8th December, 2023

After having split the data across the different levels of granularity by grouping the data by the time index and using different counts and to plot the frequency by time and check for seasonality in data.

We plot the time series data for different granularities and we see what we can see from the visual trends.

Monthly Time Series Modelling
Weekly Time Series Modelling

Clearly the difference in granularity can be seen the details of the graphs for the differences in the weekly and monthly graphs.

We can also check for stationarity by using the ADF test and we can use the P value from the test to confirm stationarity.

ADF Test

After Performing the ADF tests on the data we can tell very clearly that they are not stationary and we can check on how the different components of the monthly view compare when decomposed into it’s different components.

Decomposition of the Time Series for Monthly

6th December, 2023

So looking at the time series data we had to start the analysis in a way that would enable us to look at trends. Since the data that we have is present in the a granular level, we cannot use it directly. We need to apply some level of transformations for the data to be accessible for us initially.

This can be done in the form of using the existing time data and we can use it to a perform a group by on the data level of the required granularity that we need and hence we can check for trends for the respective granularity level wether that is daily, weekly or monthly.

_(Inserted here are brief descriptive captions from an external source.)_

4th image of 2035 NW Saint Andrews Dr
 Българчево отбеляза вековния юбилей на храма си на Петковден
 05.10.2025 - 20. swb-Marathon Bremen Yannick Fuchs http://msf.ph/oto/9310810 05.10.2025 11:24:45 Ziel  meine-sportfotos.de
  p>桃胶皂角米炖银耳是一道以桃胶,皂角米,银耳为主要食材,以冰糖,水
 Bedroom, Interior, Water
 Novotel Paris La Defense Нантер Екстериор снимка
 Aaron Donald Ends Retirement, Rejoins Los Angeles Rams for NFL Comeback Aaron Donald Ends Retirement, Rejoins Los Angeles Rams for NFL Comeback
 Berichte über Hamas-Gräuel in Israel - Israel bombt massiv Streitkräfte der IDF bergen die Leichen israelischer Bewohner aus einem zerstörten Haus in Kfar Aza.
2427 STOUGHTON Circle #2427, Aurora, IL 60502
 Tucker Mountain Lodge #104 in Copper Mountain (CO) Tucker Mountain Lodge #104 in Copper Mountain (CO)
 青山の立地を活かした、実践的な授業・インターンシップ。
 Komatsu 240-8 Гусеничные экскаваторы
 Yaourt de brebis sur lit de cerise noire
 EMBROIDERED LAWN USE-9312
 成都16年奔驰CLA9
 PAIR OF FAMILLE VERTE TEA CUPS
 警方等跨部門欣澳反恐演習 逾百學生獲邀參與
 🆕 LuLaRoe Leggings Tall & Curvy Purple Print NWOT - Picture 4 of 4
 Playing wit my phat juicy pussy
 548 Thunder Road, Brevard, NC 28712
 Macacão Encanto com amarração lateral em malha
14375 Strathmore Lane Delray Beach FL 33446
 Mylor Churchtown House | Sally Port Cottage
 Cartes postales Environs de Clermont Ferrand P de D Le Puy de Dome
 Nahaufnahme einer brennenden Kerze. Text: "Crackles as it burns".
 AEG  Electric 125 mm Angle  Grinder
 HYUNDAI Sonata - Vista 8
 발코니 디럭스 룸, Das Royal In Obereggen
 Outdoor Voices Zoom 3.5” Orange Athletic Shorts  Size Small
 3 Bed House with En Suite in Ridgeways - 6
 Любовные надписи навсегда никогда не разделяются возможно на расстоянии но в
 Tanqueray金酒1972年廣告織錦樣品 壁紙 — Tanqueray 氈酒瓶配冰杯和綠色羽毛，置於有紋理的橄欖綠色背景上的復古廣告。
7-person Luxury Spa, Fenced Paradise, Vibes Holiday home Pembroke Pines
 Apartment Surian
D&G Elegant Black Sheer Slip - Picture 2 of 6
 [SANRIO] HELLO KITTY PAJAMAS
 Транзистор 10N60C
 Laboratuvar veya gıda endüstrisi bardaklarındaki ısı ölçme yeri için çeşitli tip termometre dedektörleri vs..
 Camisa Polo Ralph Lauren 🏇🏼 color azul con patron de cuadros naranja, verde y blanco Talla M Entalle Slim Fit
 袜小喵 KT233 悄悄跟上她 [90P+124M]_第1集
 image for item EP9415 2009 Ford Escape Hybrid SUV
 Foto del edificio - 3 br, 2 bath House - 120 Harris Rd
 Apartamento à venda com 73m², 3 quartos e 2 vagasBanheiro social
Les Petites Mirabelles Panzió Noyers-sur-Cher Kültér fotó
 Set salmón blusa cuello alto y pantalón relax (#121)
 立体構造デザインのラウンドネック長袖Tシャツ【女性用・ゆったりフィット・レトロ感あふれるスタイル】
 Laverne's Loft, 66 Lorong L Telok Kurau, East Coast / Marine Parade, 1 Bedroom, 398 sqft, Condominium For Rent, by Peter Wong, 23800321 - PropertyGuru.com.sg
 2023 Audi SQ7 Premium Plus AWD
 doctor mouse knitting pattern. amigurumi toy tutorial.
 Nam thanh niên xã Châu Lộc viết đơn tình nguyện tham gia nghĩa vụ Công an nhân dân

We start of by doing a monthly, 6monthly, and yearly, split. We also use grouped by day just to check out the levelof granularity plotting that is evident at the daily stage.

We used the following code below to make sure we accurately split our plotting across the diffferent levels of granularity to plot the time series model.

import pandas as pd
import os
# Set the directory where your CSV files are located
directory_path = r”C:\Users\91766\Desktop\stats3″
# Get a list of all files in the directory starting with “tpm” and ending with “.csv”
csv_files = [file for file in os.listdir(directory_path) if file.startswith(‘tmp’) and file.endswith(‘.csv’)]
# Initialize an empty DataFrame to store the concatenated data
concatenated_df = pd.DataFrame()
# Loop through each CSV file and concatenate its data to the main DataFrame
for file in csv_files:
    file_path = os.path.join(directory_path, file)
    df = pd.read_csv(file_path)
    df[[‘date’, ‘time’]] = df[‘OCCURRED_ON_DATE’].str.split(‘ ‘, expand=True)
    df[‘date’] = pd.to_datetime(df[‘date’])
    concatenated_df = pd.concat([concatenated_df, df], ignore_index=True)
# Display the concatenated DataFrame
#print(concatenated_df)
#print(df[‘date’])
# Save the concatenated DataFrame to an Excel file
#output_excel_path = r”C:\Users\91766\Desktop\stats3\concatenated_data.csv”
#concatenated_df.to_csv(output_excel_path, index=False)
#print(f”Concatenated data saved to {output_excel_path}”)
grouped_by_day = concatenated_df.groupby(pd.to_datetime(concatenated_df[‘date’]).dt.date).size().reset_index(name=’count’)
grouped_by_day.to_excel(r”C:\Users\91766\Desktop\stats3\grouped_by_day.xlsx”, index=False)
# Output 2: Group by month
grouped_by_month = concatenated_df.groupby(pd.to_datetime(concatenated_df[‘date’]).dt.to_period(‘M’)).size().reset_index(name=’count’)
grouped_by_month.to_excel(r”C:\Users\91766\Desktop\stats3\grouped_by_month.xlsx”, index=False)
# Output 3: Group by 6 months
grouped_by_6_months = concatenated_df.groupby(pd.to_datetime(concatenated_df[‘date’]).dt.to_period(‘6M’)).size().reset_index(name=’count’)
grouped_by_6_months.to_excel(r”C:\Users\91766\Desktop\stats3\grouped_by_6_months.xlsx”, index=False)
grouped_by_week = concatenated_df.groupby(pd.to_datetime(concatenated_df[‘date’]).dt.to_period(‘W’)).size().reset_index(name=’count’)
grouped_by_week.to_excel(r”C:\Users\91766\Desktop\stats3\grouped_by_week.xlsx”, index=False)
print(“complete”)

 

4th December, 2023

Due to the severely limited nature of the data that we were working with in the analyze boston data set we further moved onto the work where we would be looking into another dataset with large enough data sets because that would help us train more accurate and reliable models and provide us a way to test the model as well on the previous data.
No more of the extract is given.